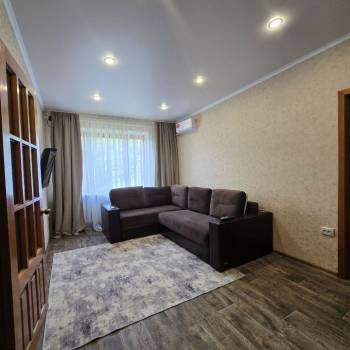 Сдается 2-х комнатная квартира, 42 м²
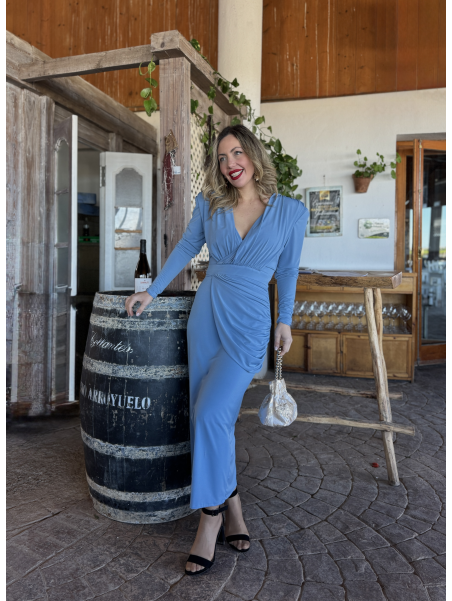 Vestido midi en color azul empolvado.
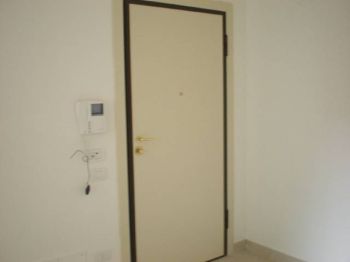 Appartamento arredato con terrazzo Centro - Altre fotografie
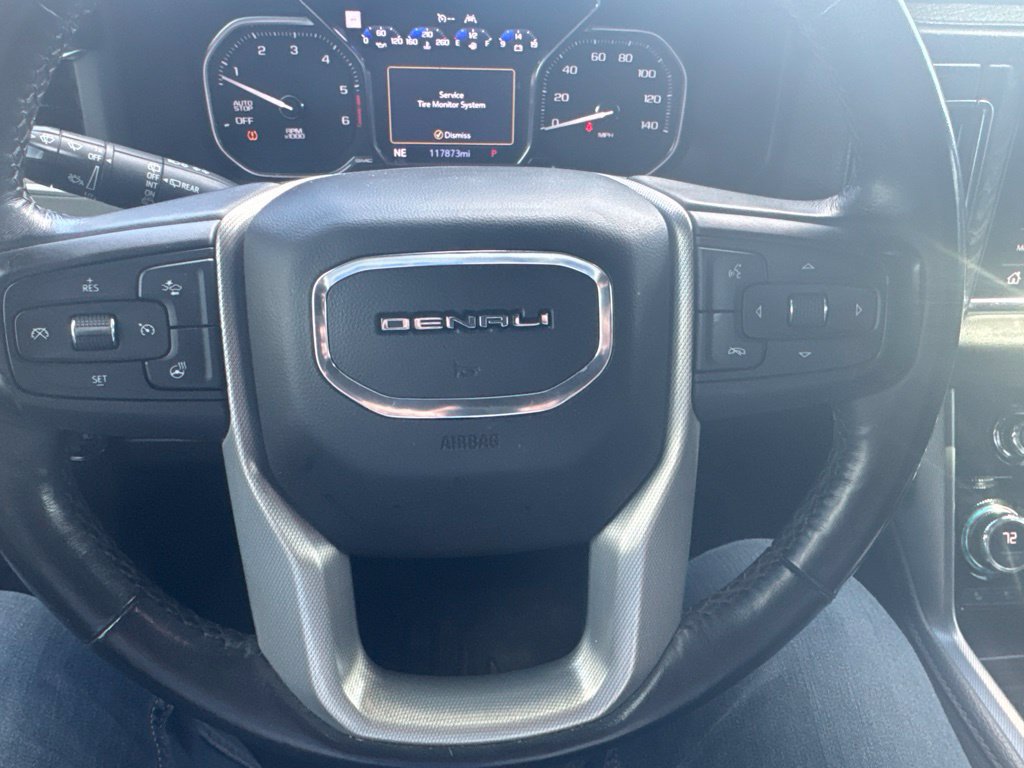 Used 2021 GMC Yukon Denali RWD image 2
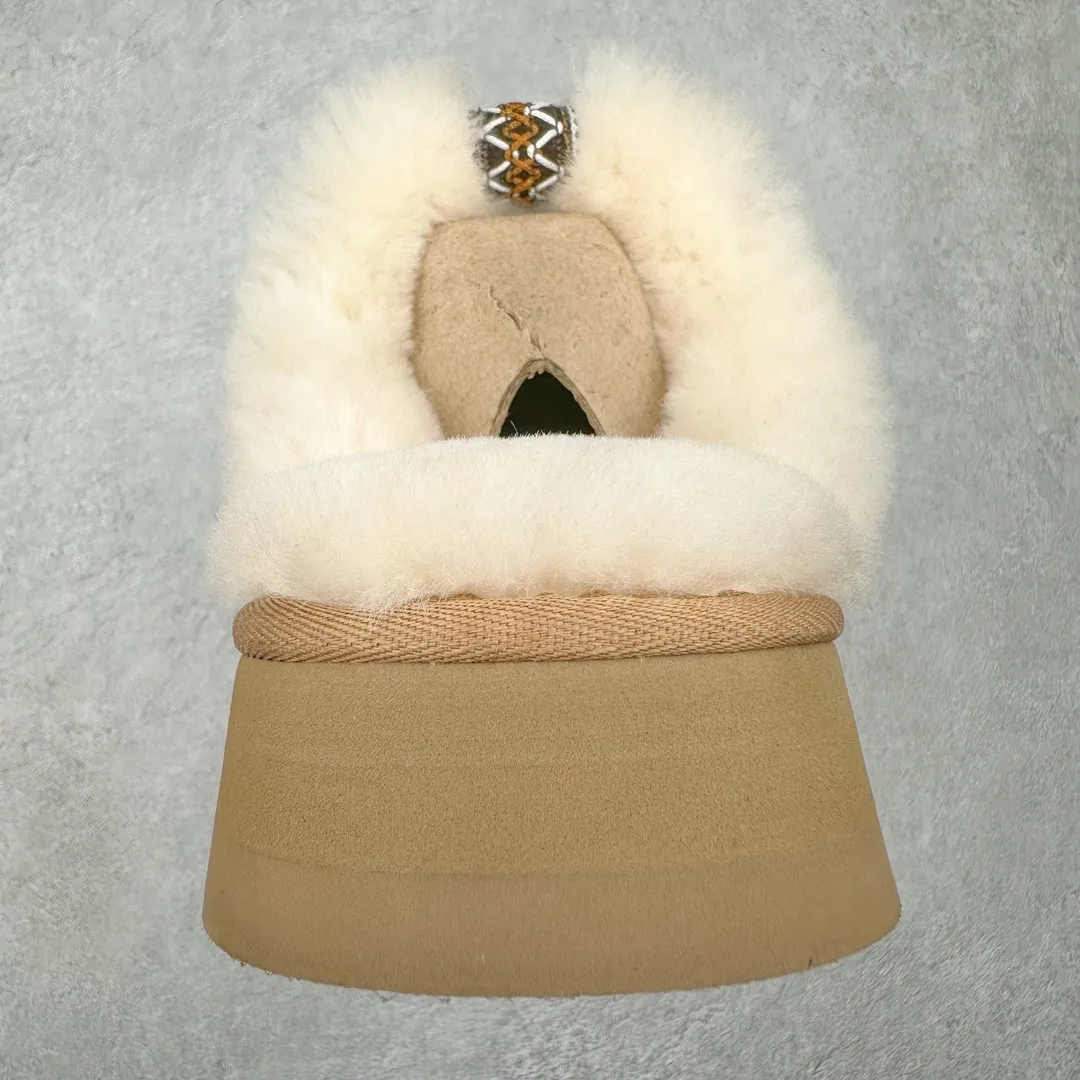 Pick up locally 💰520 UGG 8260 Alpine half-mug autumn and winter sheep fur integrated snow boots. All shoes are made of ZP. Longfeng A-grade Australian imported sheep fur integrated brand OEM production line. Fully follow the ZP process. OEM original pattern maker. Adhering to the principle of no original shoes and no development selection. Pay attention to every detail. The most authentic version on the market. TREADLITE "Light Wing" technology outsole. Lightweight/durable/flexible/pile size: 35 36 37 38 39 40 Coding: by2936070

What you will do: With every picture left out, print exactly the lines from the one containing "Appartamento arredato con" through the final line of the material above.

Answer space:
 Appartamento arredato con terrazzo Centro - Altre fotografie
 Used 2021 GMC Yukon Denali RWD image 2
 Pick up locally 💰520 UGG 8260 Alpine half-mug autumn and winter sheep fur integrated snow boots. All shoes are made of ZP. Longfeng A-grade Australian imported sheep fur integrated brand OEM production line. Fully follow the ZP process. OEM original pattern maker. Adhering to the principle of no original shoes and no development selection. Pay attention to every detail. The most authentic version on the market. TREADLITE "Light Wing" technology outsole. Lightweight/durable/flexible/pile size: 35 36 37 38 39 40 Coding: by2936070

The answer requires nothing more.